The “problem,” from Clinton’s perspective, was that the election law called for the first and second place finishers to meet in a run-off.
To “solve” this problem, Clinton both directly and through the Organization of American States (OAS) launched a campaign to get Célestin, the candidate of the Unity party headed by outgoing President René Préval, to withdraw before the date of the run-off. The OAS sent a mission to Haiti, which, without conducting any investigation whatsoever, concluded that the vote had been compromised, that Célestin had actually finished third and should quit the race. Under intense pressure, Célestin withdrew and Martelly was “elected” president.
Clinton’s account of what happened next is from her memoir:
“Many Haitians, who had already endured so much, were outraged that after all they had endured their votes might not be counted. The streets were soon full of loud and unruly protests.
“I decided to go to Haiti to meet with Préval and the candidates to see if there could be a peaceful resolution that would avoid a crisis when there was so much work till to be done in the aftermath of the earthquake. Préval’s preferred candidate [Célestin], who the OAS said had actually finished third, complained that the international community was pushing him out the race. I insisted that just wasn’t the case.

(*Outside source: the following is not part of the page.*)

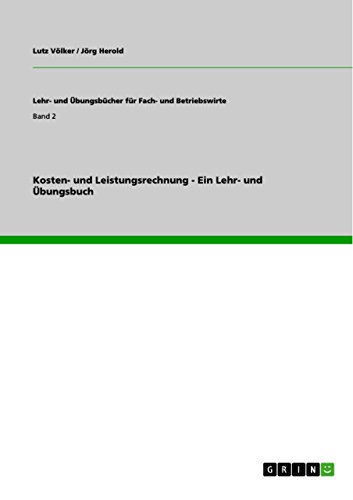 download die beziehung zwischen einkaufserlebnis und preiszufriedenheit eine studie im handel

After all, I explained, people tried to push me out of the race when I ran for President in 2008. Just as President Obama and I did, he and the other two candidates had to respect the voters’ preference. ‘Look, I’ve run in elections,’ I said. ‘I’ve won two and lost a big one. So I know how it feels. But what’s more important is that democracy be protected.’”
Clinton’s non-sequitor aside, Célestin had precisely been “pushed out of the race,” by the intervention of Washington. But she advises him to accept it in the name of protecting “democracy”!
Clinton then met alone with Préval, counseling him:
“I started talking about what it means to think not just for tomorrow but for the long term. I told him that this was his defining moment. He was either going to be remembered as a President no different from all the Haitian leaders in history who refused to listen to their people, or he was going to be remembered as the President who allowed democracy to take root. He had to choose. ‘I’m talking to you not only as your friend but as someone who loves my country and had to do a lot of hard things, too,’ I said. ‘Do the hard thing, because the hard thing is going to ultimately be in the best interests of your country and in your best interests, even though you won’t feel that way until you’re able to step back and look back.’ He ended the meeting saying, ‘Well, you’ve given me a lot think about. I’ll see what I can do.’ Shortly afterward, Préval and all three candidates accepted the OAS results.”
Of course, as Préval well knew, behind such a condescending appeal couched in diplomatic language was an iron fist.
Donald Trump is a danger to the people of Haiti, El Salvador, Honduras, Nicaragua, Korea and the entire world, including the majority of people inside the U.S. His despicable racist, misogynist, homophobic and xenophobic words and action must be resisted and defeated. At the same, we can put no faith in the other elements of the ruling class who may speak with a different rhetoric but are equally guilt of the crimes of capitalism and imperialism.